The Sunday morning altruism beat.
I watch Face the Nation, Meet the Press, This Week, and CBS's venerable Sunday Morning almost every week. It's a pretty rich mix, with some of television's best people providing it.
It's also the place where the commercials get all high-minded. Last Sunday I was reminded that whatever I might have thought, Microsoft is actually motivated...excuse me, inspired to create software that helps me achieve my potential. I thought they just wanted to be my only choice for potential-enhancing software.
I also learned, with appropriate heart-tugging music, that Conoco-Phillips, by investing in Russian oil and gas reserves, is ensuring our energy supply. Phew! I was starting to get really worried about oil and gas prices. Sure glad that problem's solved.
And Exxon-Mobil is working on all sorts of unspecified "advanced fuels." Good. I sure hope they're keeping an eye on those tanker ships these days. Last time I heard, they'd convinced the government to allow more of the monsters into Puget Sound.
It's also good to know that GE is all about imagination at work. I hear they've finally imagined themselves coughing up the money to clean their PCBs out of the Hudson.

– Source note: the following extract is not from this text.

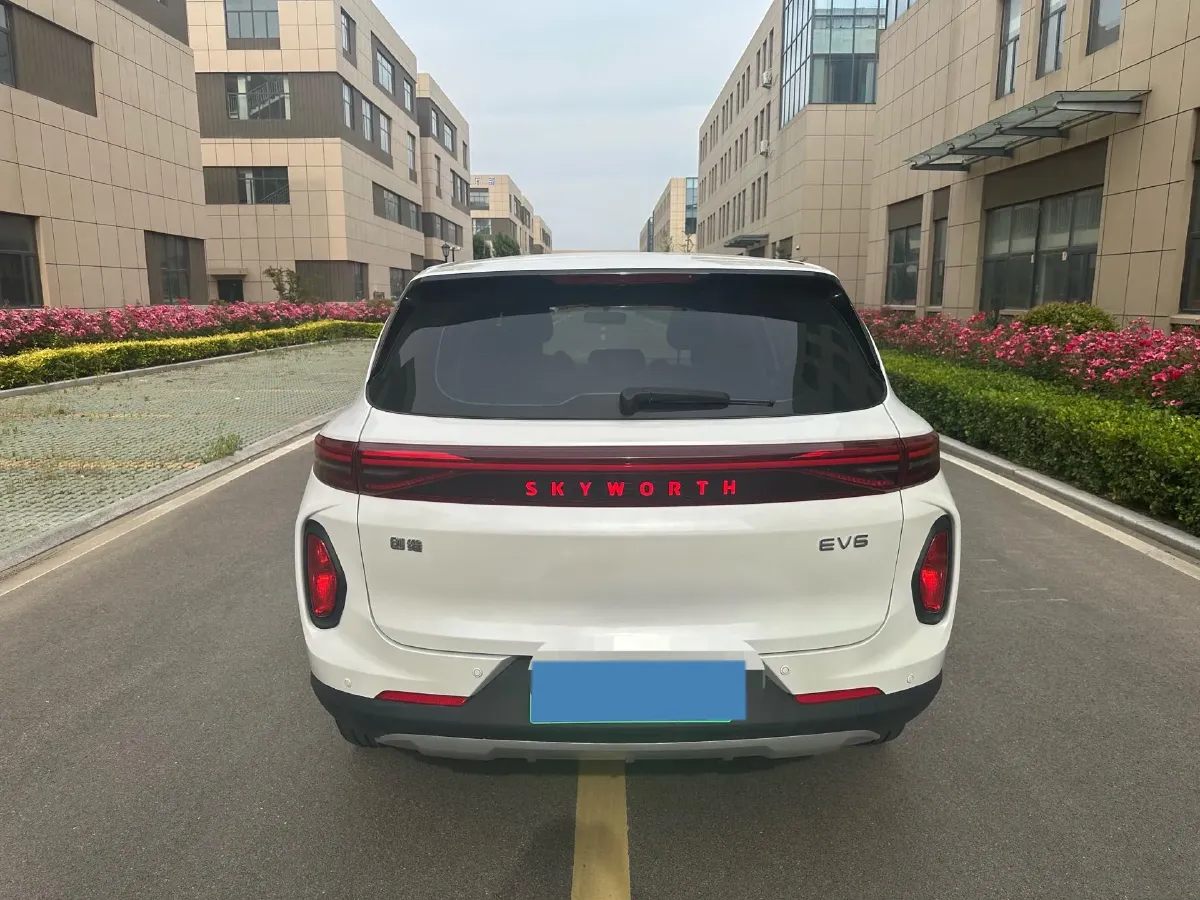 2023 Skyworth EV6 BEV 51.92KWH,autocango,china used car exporter,china ev exporter,chinese used car exporter,chinese used ev exporter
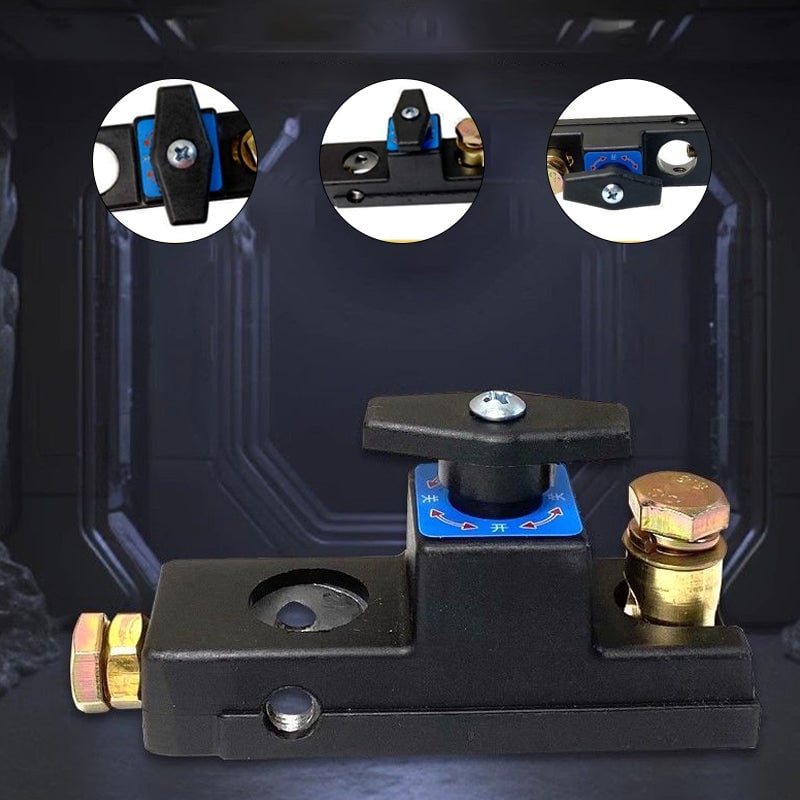 Intelligenter Batterietrennschalter für Autos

Boeing, too. Doing the impossible in aerospace and satellites. They're the ones who hired the folks away from the Pentagon who approved their air-tanker deal, right? And had the clean-up-the-place CEO who was sweet on one of his female execs? "Forever new frontiers."
And Tyco. Did you know they don't make just important products, but vital ones? Isn't that where Dennis Kozlowski used to work?
We used to call the ads that all run on Sunday morning news-talk shows "institutional advertising." To remind the opinion makers of the high purposes and values of these corporate giants. Do you suppose this advertising still works?